-2026







Tylor McNeil's 2026 Collection ' P U R E ' is Available Now at ASHDALE Gallery, North Vancouver.
The series ' P U R E '
begins with white roses because they are instantly readable, elegance, joy, celebration, a kind of ceremonial beauty. They feel approachable, almost luminous, like they belong in moments of tenderness. I wanted the paintings to be inviting enough that a viewer can simply enjoy the surface, the softness, the form, the atmosphere it creates. Beauty in art should be allowed to exist without arguments
Then I add the skull. It changes the emotional temperature of the work, not by turning it ugly, but by making it honest. The skull asks what purity really means when life is not clean, when people are not simple, and when desire, failure, and growth are part of the same human story. It challenges the comforting idea that purity is something we can achieve once and keep forever.
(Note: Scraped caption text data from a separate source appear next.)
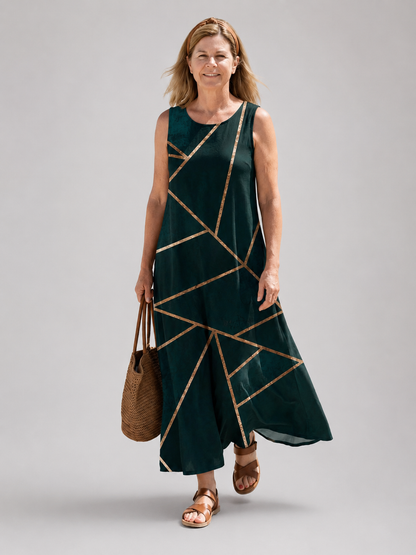 Oriane — Robe longue à motif géométrique, coloris Vert foncé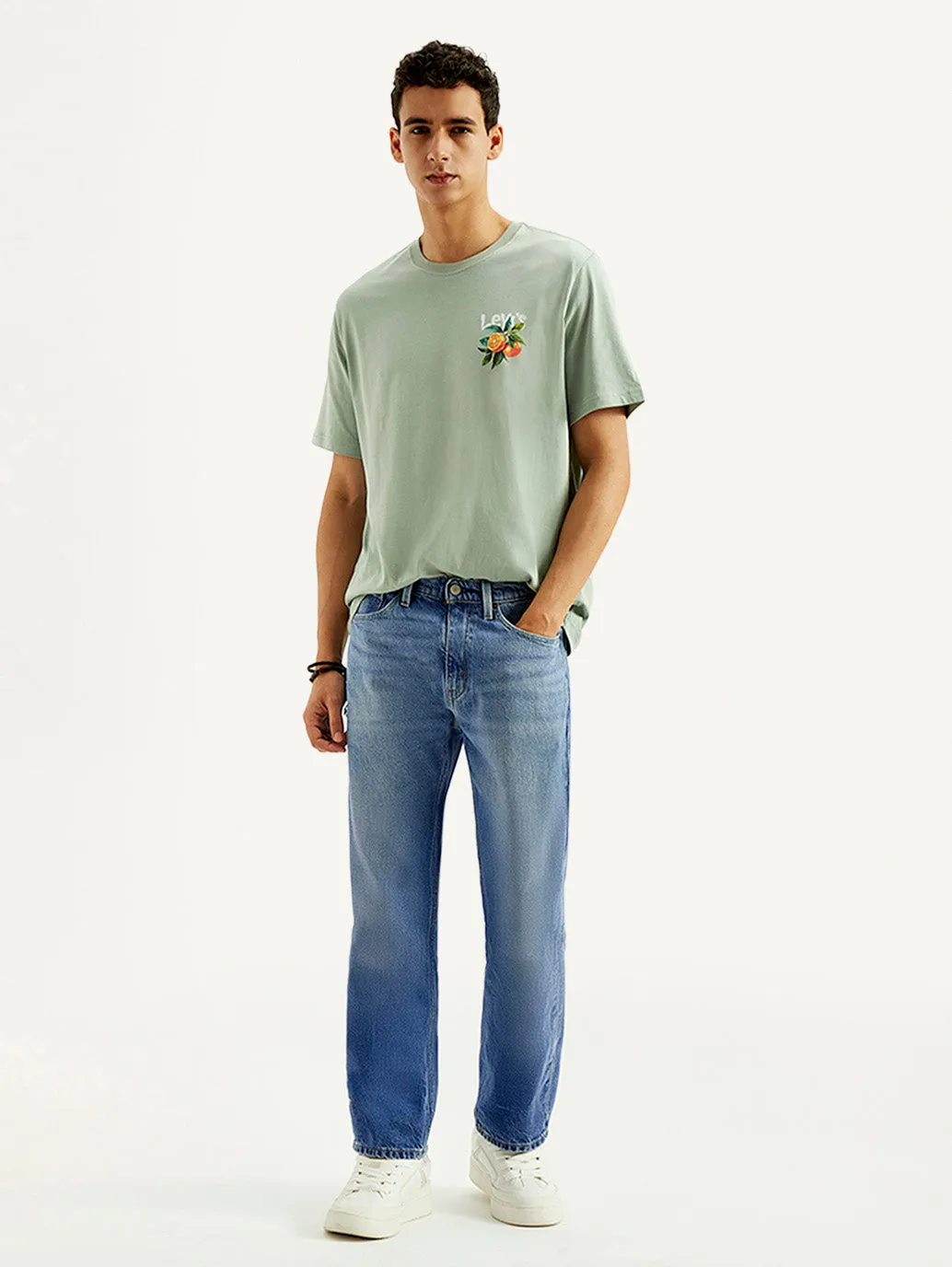 Couple Look Eco Friendly Men's 505 Blue Straight Fit Mid Rise Jeans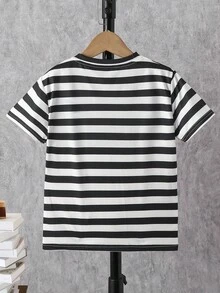 Boys Striped & Dinosaur Print Tee - Black and White - View 2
If a rose symbolizes innocence, the skull symbolizes the limits of innocence—mortality, consequence, and the reality that everything changes.
I’m drawn to the way “pure” can be both aspiration and warning. At its best, purity can represent clarity: the desire to be true, to be sincere, to strip away what is false. But I also know how purity can become rigid. A standard meant to guide can become a rule meant to control. An intention can become an obsession. When purity turns into a demand, the result is often a kind of spiraling vigilance—an endless negotiation with fear.
This is where I want viewers to lean in, not because I’m offering judgment, but because I’m offering a question with room in it. Where do we draw the line between wanting integrity and seeking perfection? Where does self-respect become self-punishment? Where does “doing the right thing” become an attempt to eliminate uncertainty altogether? In Pure, I’m exploring the psychological motion of that slide, how it can begin with longing and end with exhaustion.
Ultimately, I want the paintings to hold contradiction without resolving it quickly. The roses remain roses; they do not disappear. The skull remains present; it does not become merely decorative. Together they create a space where viewers can notice their own relationship to purity—whether they crave it, resist it, or have felt it tighten around them. If you want to go deeper, the work will meet you there. If you only want to feel the beauty, the beauty will still be there first, and fully.